Much international discussion about the restitution of Nazi-seized art to Jewish heirs is focused on fine art. There are many reasons for this, none the least that many of the great European art collectors and dealers at the time were Jewish, as were many of the artists that they collected. Plus the price tags on the art are impressive: big money makes big news coverage.
We all speak a lot less about the antiquities that were seized from Jewish owners or taken from museums in Nazi occupied territories. Anyone looking for a PhD topic? I want to hear those Nazi-seized antiquities restitution stories and, dare I say, I want to incorporate them into our ideas of illicit antiquities, repatriation, return, and provenance research.*
Perhaps these portraits are a good place to start. Encaustic mummy portraits come, generally but not only, from the Faiyum area of Egypt; they were attached to Roman period mummies. They are popular on the market because they are personal. The wax and tempera painting technique allows startling realistic depictions of ancient people. They’re specific individuals and their portraits would have been immediately recognisable to family and friends. They have bushy or arching brows, wispy young moustaches, softly curling hair, and full lips. Most of them are young; most of them are beautiful. Through the portraits we can finally look ancient Egypt in the eyes. I love them. You probably love them. Late 19th century Europe loved them. Rudolf Mosse presumably loved them. I mean, he bought two of them before 1920 (the year he died).
And Mosse would have bought them on the market. As far as I can tell, based on my limited research while waiting for a plane in the Newark airport, Mosse would have bought these pieces as looted. Christies would like to link the portraits to Egyptologist Karl Brugsch which seems reasonable enough, but there aren’t excavation records for them, so there you go. No judgment on that, things WERE different pre-1920 and I’m not going to try to reconstruct the legal situation here without more info, but it looks like the portraits were legally owned by Mosse and thus legally transferred to his daughter Felicia Lachmann-Mosse and her husband.
They weren’t legally transferred to the Nazis in anyone’s opinion but the Nazis. When Lachman-Mosse and her family fled Germany in 1933 the Nazi’s seized their assets and in 1934 the mummy portraits were sold at auction.** To Erich Maria Remarque. Really. Remarque. All Quiet on the Western Front. Yep. Plot twist.
This is pretty interesting because 1934 wasn’t a great year for Remarque. In 1933 his books were officially banned in Germany and were burned. Reading the writing on the wall and the writing in the bonfire, the author moved to Switzerland that year…the same year that Lachman-Mosse and her family also left Germany. By 1938 Remarque’s German citizenship had been revoked; in 1939 he remarried his ex to prevent her deportation; in 1939 they moved to the United States where he eventually gained citizenship. Remarque’s younger sister Elfriede Scholz was not so lucky: she was found guilty of “undermining morale” and beheaded in 1943.
But despite all this, Remarque, it appears, was buying art on the cheap.
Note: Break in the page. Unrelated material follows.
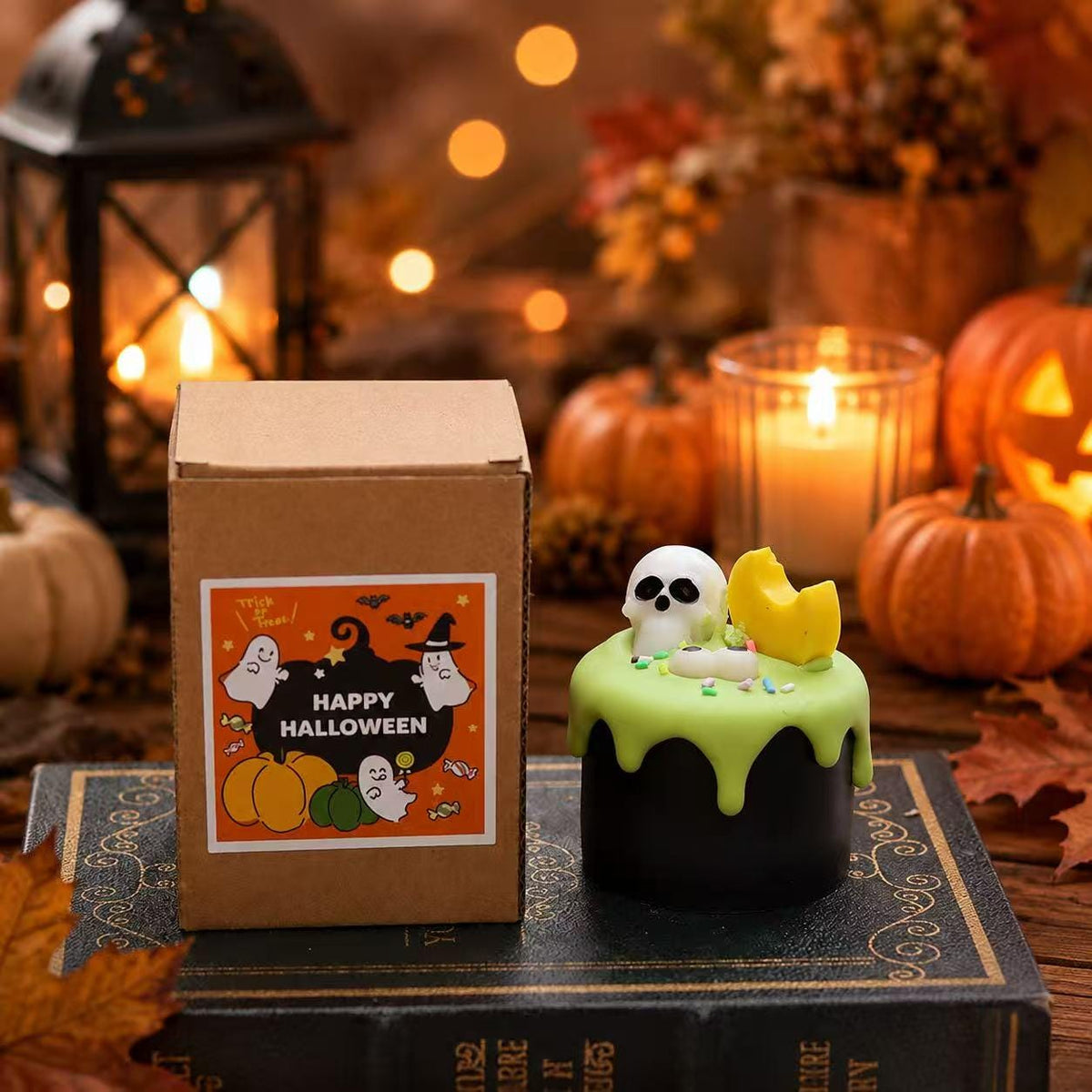 Handmade Halloween Candle, Cute Ghost Candle,Pumpkin Candle,Spooky Candle,Kawaii Halloween Decor, Halloween Gift,Fall Candle,Handmade Candle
He bought those two mummy portraits. He didn’t gain good title to them, no, but he bought them. I’d love to hear more about the conditions of that sale and how much Remarque paid. I’d like to hear how the piece got from Germany to Switzerland. I’m hitting my airport lounge provenance research limits though. In 1979, his widow sold the portraits to the University of Zürich’s Institute of Archaeology.
And those fine Archaeologists at University of Zürich gave the mummy portraits back to the Mosse family. Did they put up a fight about restitution? No they did not. They instigated the return. The University of Zürich did a proper provenance review of the portraits, discovered their history, and contacted the heirs of Lachman-Mosse. The Uni and the heirs had a chat and they swapped a financial donation for teaching at the Uni for the portraits. Everyone wins, including Lachman-Mosse. Just a little bit of justice.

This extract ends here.